Ann Rabinowitz <annrab@...>
The following is my experience with name sharing.
Sometimes what you find on a tombstone does not actually reflect what the
person's name was originally. Remember, the tombstone and death certificate
are the responsibility of children or other relatives or even non-relatives
who may not know the correct information at the time of death or enough
genealogical information to understand the why's of certain names or who the
person was named for.
An example is my father whose name was William Samuel or Shmuel Velvel and
my grandfather who was Samuel or Shmuel. At the time of death, the rabbi
questioned how my father could have the same name as his father. My mother
certainly did not know and neither did I at the time.
My interest was piqued and I began to search for a reason. Interviewing
relatives and searching through numerous American and Lithuanian civil and
other records, I finally came to know how this came about.
1. My grandmother's maternal grandfather was named Shmuel and my father was
named after him and not his father Samuel/Shmuel. In fact, my father's
middle name Velvel was his paternal grandfather's name and my father was
known by the anglicized version of that name, William or Bill. This avoided
both he and his father being called Shmuel.

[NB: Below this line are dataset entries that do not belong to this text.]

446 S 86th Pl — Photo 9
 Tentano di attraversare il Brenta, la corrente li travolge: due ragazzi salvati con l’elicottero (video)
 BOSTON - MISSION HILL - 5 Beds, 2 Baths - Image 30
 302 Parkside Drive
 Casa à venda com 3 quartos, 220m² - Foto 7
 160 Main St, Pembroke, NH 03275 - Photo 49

2. Further, my grandfather was known as Samuel/Shmuel in America, but was
actually known as Shloime in Lithuania which turned out to be the same name
as my grandmother's father Shloime Dovid who was still alive at the time my
father was born. My great grandfather was known as Dovid and my grandfather
was known as Shmuel thereby avoiding a conflict in being called by the same
3. There are no Lithuanian records which show what my grandfather's full
name was. For all I know, Shmuel/Shloime was his middle name. For record
purposes, all the men in my family put their middle name as the name they
were known by which was a common practice.